### Work task
The lines below from the one with "Carnet Jolie aquarelle" up to and including the one with "E-lab page with categories" are what you should set down, exactly and without pictures.

=== Data under study ===

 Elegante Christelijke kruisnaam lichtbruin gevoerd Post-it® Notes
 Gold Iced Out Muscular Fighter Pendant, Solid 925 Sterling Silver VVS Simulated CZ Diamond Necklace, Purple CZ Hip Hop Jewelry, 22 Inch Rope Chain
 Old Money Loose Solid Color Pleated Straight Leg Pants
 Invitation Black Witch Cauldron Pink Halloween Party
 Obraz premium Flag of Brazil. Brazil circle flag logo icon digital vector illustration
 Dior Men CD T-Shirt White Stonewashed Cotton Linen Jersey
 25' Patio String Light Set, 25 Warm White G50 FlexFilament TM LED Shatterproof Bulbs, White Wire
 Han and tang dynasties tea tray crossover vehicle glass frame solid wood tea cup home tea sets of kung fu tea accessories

===
=== Data under study ===

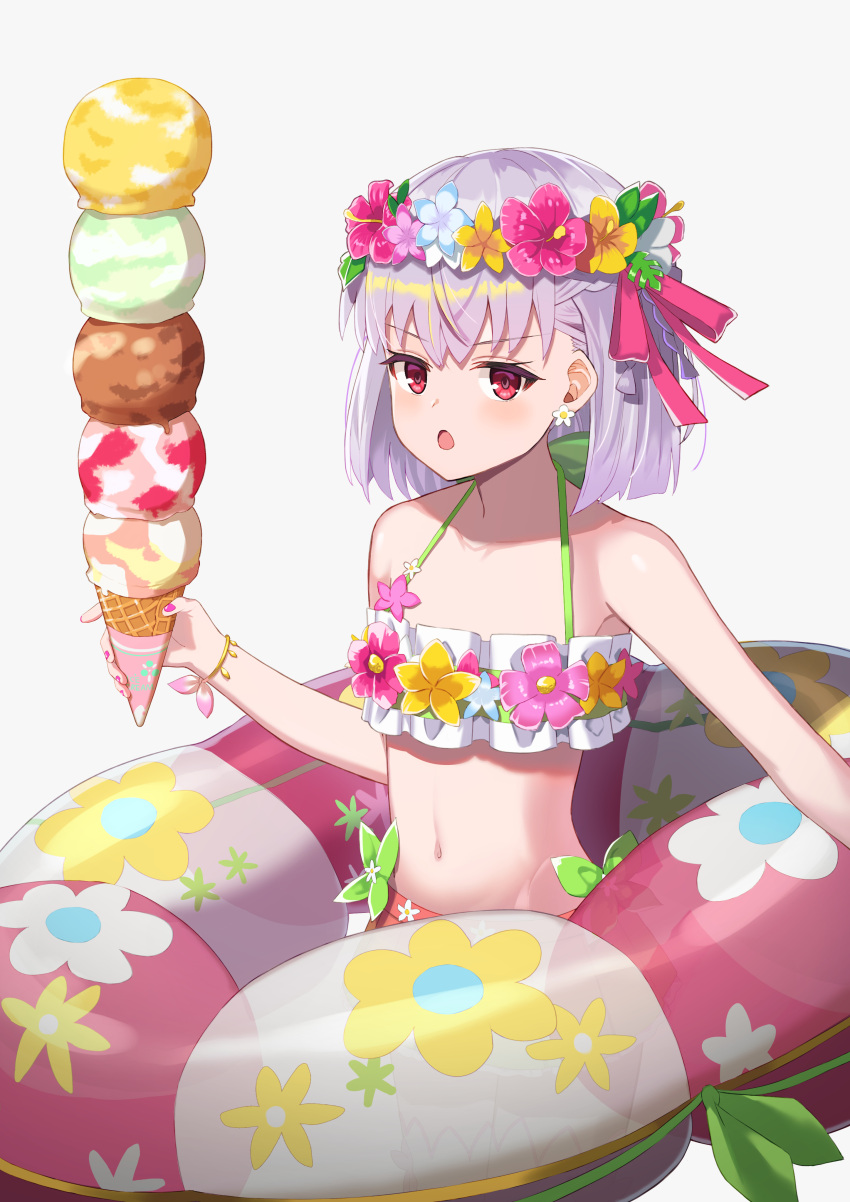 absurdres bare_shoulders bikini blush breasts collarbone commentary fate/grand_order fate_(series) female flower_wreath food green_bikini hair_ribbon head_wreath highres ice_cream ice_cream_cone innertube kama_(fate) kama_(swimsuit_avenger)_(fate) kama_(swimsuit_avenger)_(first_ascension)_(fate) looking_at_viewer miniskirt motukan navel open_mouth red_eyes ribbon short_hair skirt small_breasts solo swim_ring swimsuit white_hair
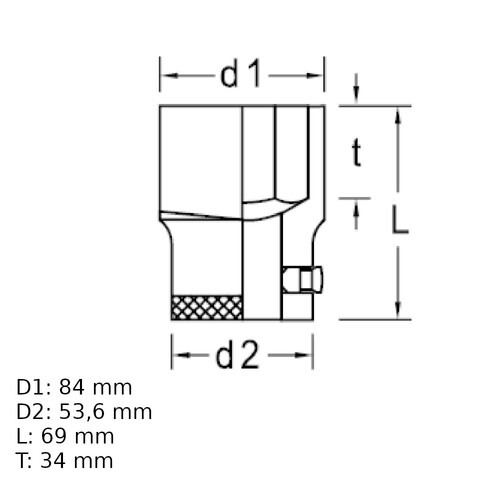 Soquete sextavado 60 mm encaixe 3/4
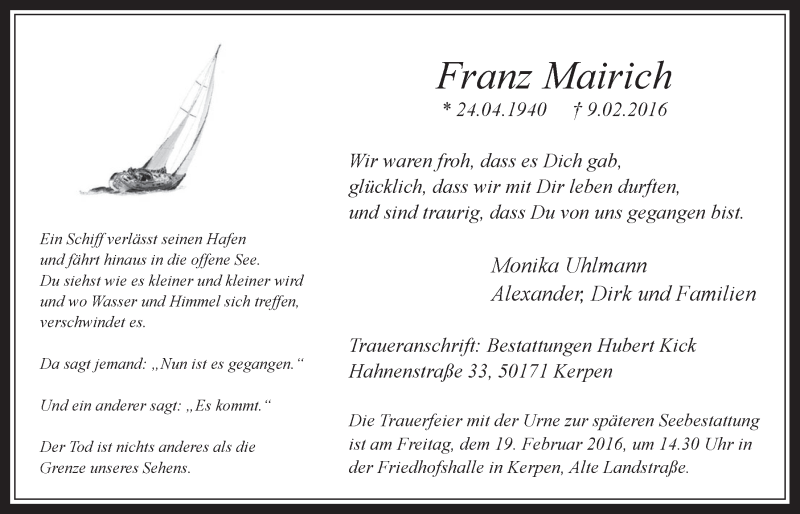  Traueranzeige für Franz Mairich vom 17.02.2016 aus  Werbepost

===
=== Data under study ===

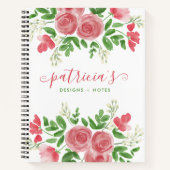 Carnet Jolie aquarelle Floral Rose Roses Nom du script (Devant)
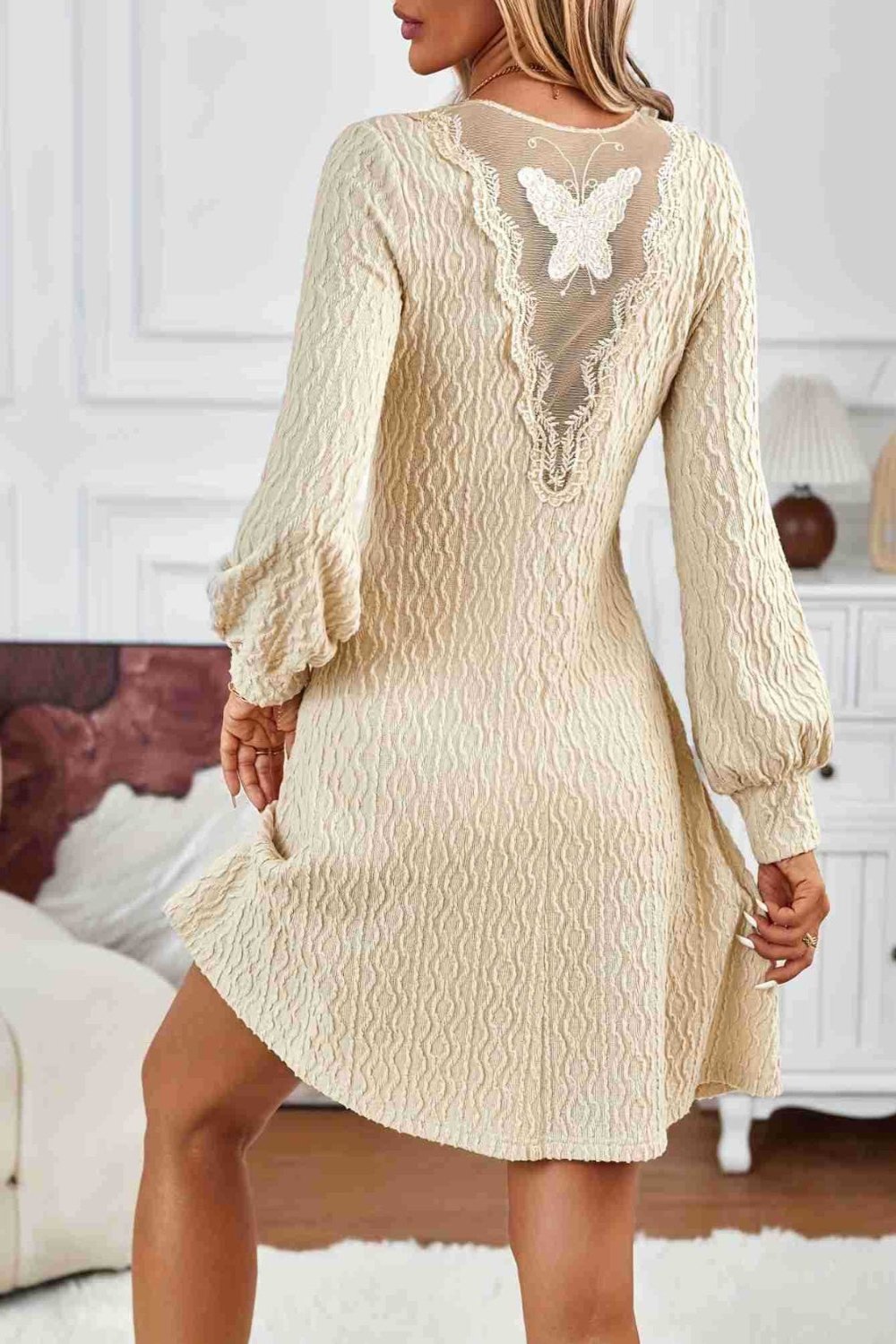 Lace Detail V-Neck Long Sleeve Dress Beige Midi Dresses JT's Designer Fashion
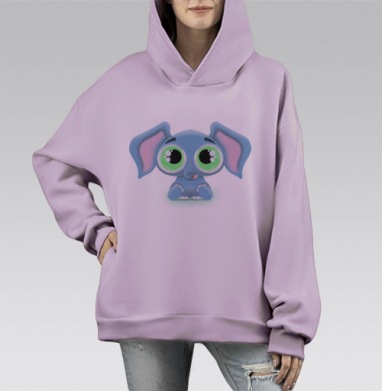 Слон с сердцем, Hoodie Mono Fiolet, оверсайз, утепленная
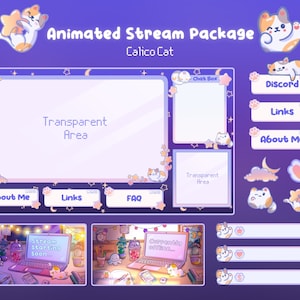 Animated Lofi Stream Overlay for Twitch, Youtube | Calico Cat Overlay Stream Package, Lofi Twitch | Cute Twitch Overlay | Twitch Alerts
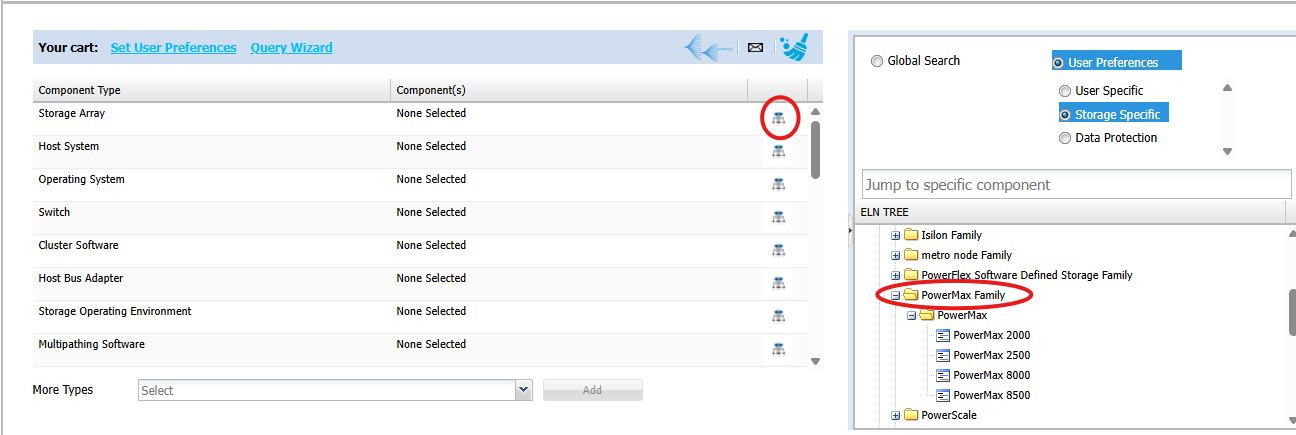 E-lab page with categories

===

### Response to the task
 Carnet Jolie aquarelle Floral Rose Roses Nom du script (Devant)
 Lace Detail V-Neck Long Sleeve Dress Beige Midi Dresses JT's Designer Fashion
 Слон с сердцем, Hoodie Mono Fiolet, оверсайз, утепленная
 Animated Lofi Stream Overlay for Twitch, Youtube | Calico Cat Overlay Stream Package, Lofi Twitch | Cute Twitch Overlay | Twitch Alerts
 E-lab page with categories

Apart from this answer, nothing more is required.